In Steamboat Bill, Jr., Keaton plays the effeminate son of a macho steamboat captain who’s fighting against big business (Ernest Torrence). Breathtaking and exciting, and very funny, it contains what is probably the most dangerous stunt ever performed in a movie, and almost certainly the most dangerous one done by a major star. You can read my Blu-ray review.

The movies play at San Jose’s California Theatre on Friday, March 15, at 7:00. Dennis James will accompany the program on the theater’s Wurlitzer Organ.

Not surprisingly, Cinequest provides virtual reality experiences.

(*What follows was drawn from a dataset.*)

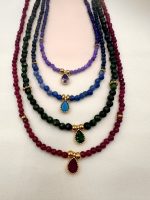 Noa Minimal necklace Burgundi-Rubi -Κολιέ μπορντό-ρουμπινί - Image 4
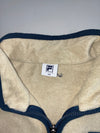 Fila | Cream & Navy Fleece Full-Zip Jacket | (XL)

These VR Cinema Programs run from three to 22 minutes. Topics include Chinese air pollution, a vampire who seems to be inspired by Murnau’s Noseratu, and important scientists. There’s also a VR Experience Lounge.

And, of course, there are movies. Here are a few that make me wish I had an easy way to San Jose:

The Man Who Killed Don Quixote

This is the movie we all thought Terry Gilliam would never be able to make. In fact, the 2002 documentary Lost in La Mancha was all about how it fell apart early in production. But 17 years later, here it is. The Closing Night show.

Hotel Mumbai

Mumbai was attacked by terrorists in 2008. This film “celebrates the real heroes – the ordinary men, and women of Mumbai, who came together in an unprecedented, horrific, and chaotic scenario, to work together to save the city they loved.” At least that’s what they say on the Cinequest website.

The Truth About Marriage

In this comic documentary, Roger Nygard tries to figure out the truth about the human animal’s longest and persistent institution. Which brings up the question: Why would anyone want to live in an institution? (To be honest, I’m happily married.)